--- START ---

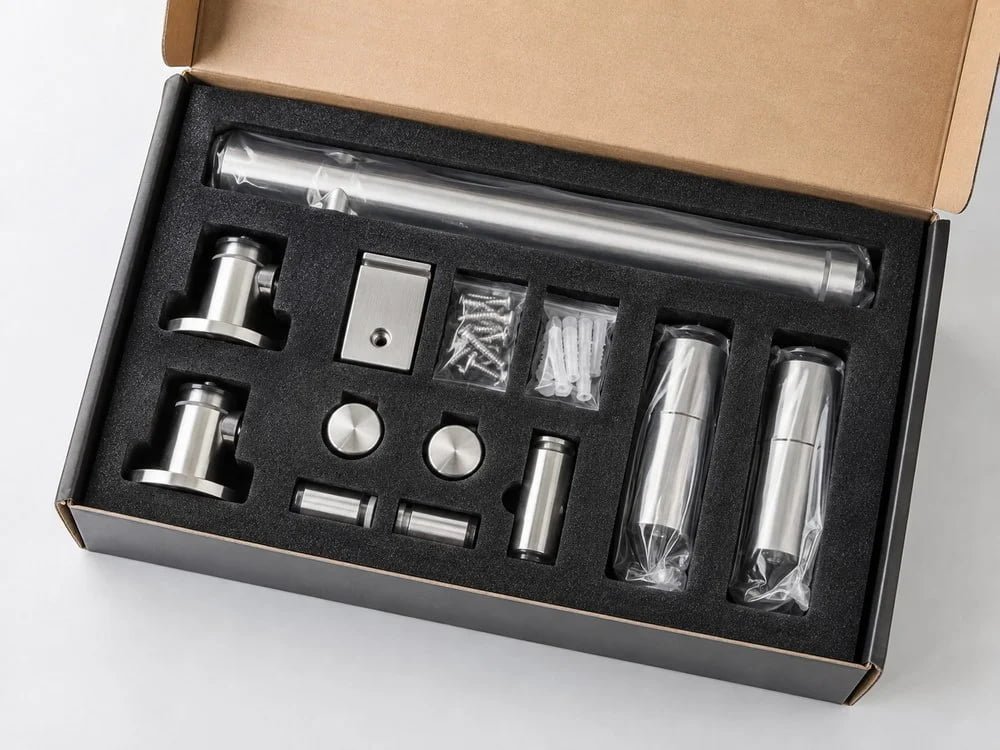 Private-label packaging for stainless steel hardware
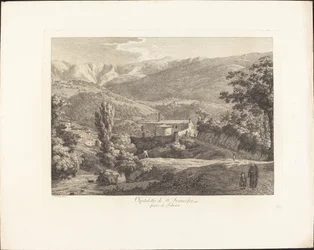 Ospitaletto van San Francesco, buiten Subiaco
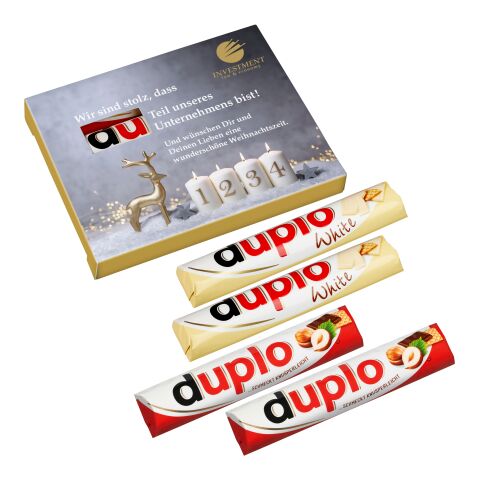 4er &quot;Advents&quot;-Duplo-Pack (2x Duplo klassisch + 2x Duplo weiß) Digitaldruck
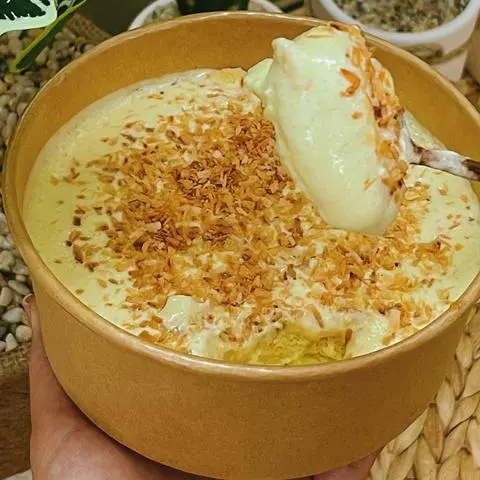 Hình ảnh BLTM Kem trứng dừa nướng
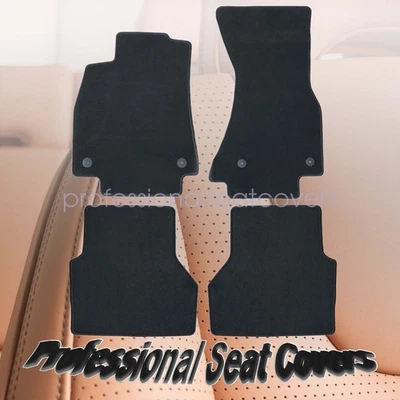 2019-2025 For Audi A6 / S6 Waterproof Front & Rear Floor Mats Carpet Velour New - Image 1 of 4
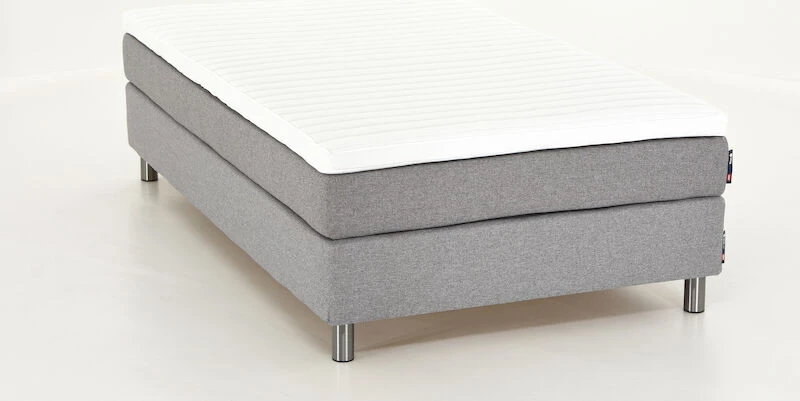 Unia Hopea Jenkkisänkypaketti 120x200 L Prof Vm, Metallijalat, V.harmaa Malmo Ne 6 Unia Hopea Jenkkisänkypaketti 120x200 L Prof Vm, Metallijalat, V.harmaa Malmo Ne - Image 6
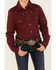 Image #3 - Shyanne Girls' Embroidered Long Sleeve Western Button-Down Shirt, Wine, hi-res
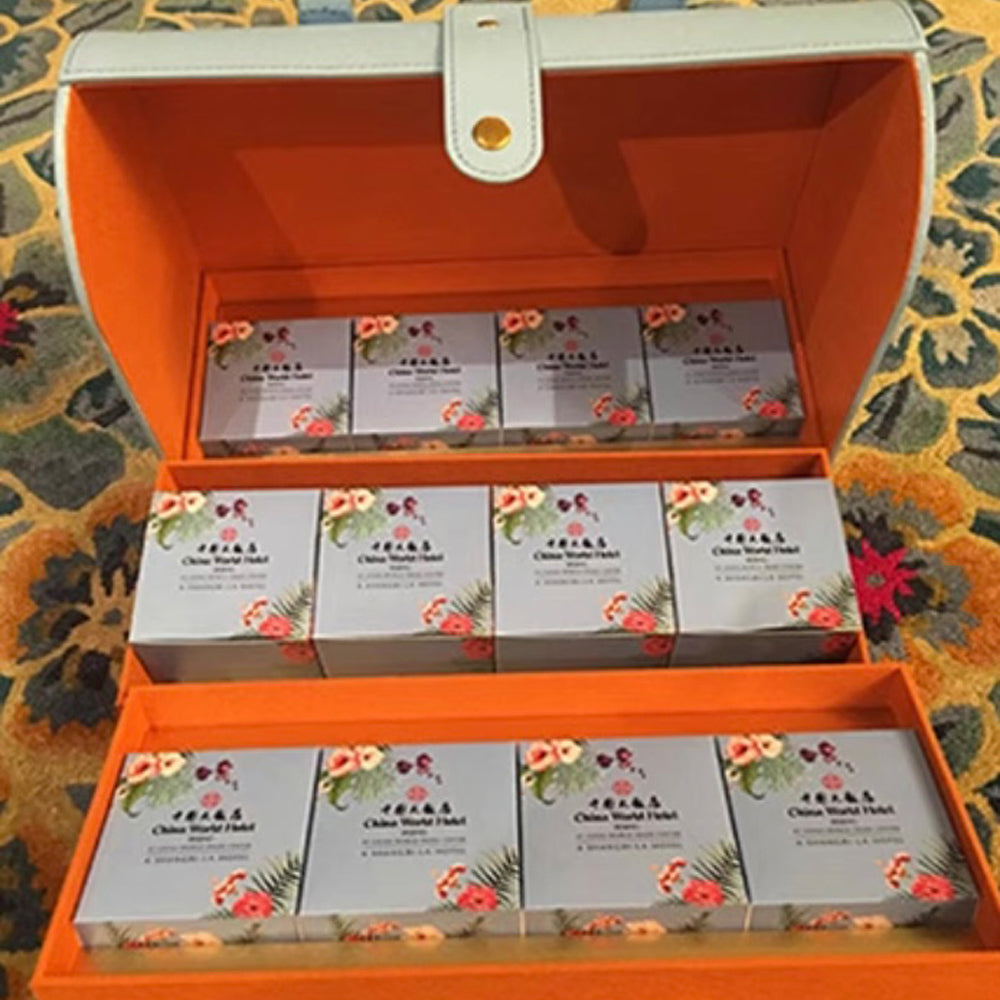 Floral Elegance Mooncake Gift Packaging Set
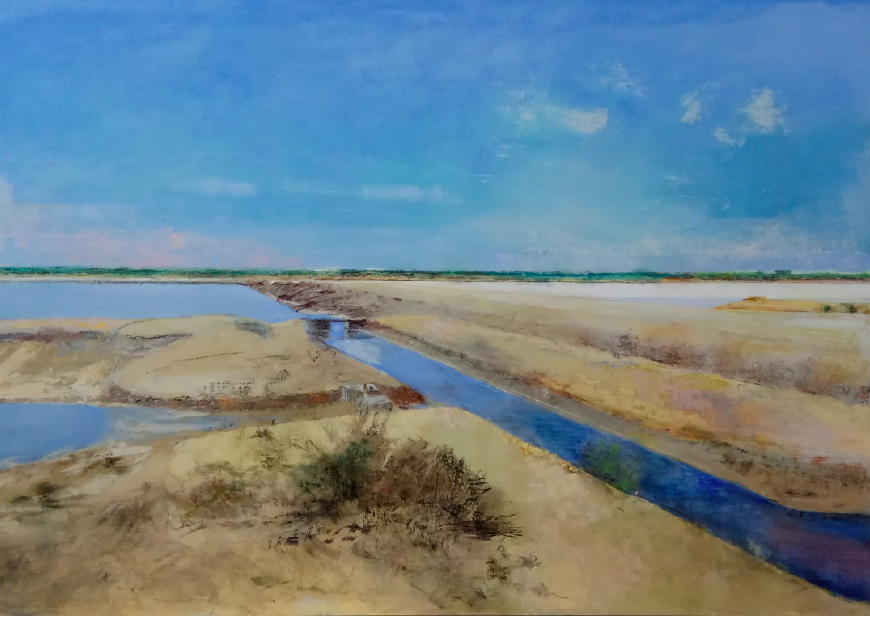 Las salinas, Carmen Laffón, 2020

--- END ---
--- START ---

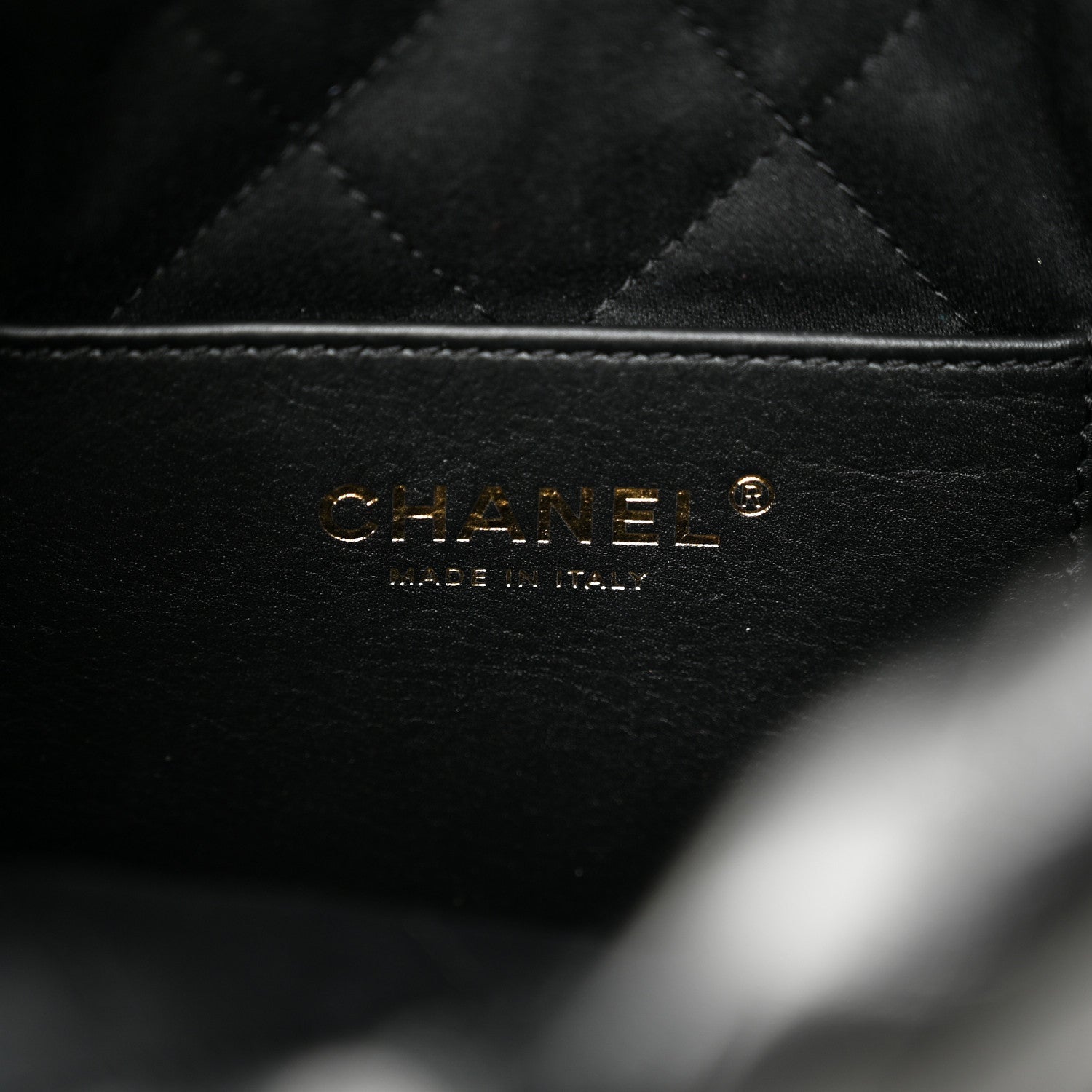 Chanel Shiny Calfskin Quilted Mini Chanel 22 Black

--- END ---

== WORK INSTRUCTIONS ==
In the listing above, find the line containing "Image #3 - Shyanne". Output it and every line after it up to and including the line containing "Las salinas, Carmen Laffón, 2020", exactly, but skip the pictures.

== ANSWER TO THE PROBLEM ==
 Image #3 - Shyanne Girls' Embroidered Long Sleeve Western Button-Down Shirt, Wine, hi-res
 Floral Elegance Mooncake Gift Packaging Set
 Las salinas, Carmen Laffón, 2020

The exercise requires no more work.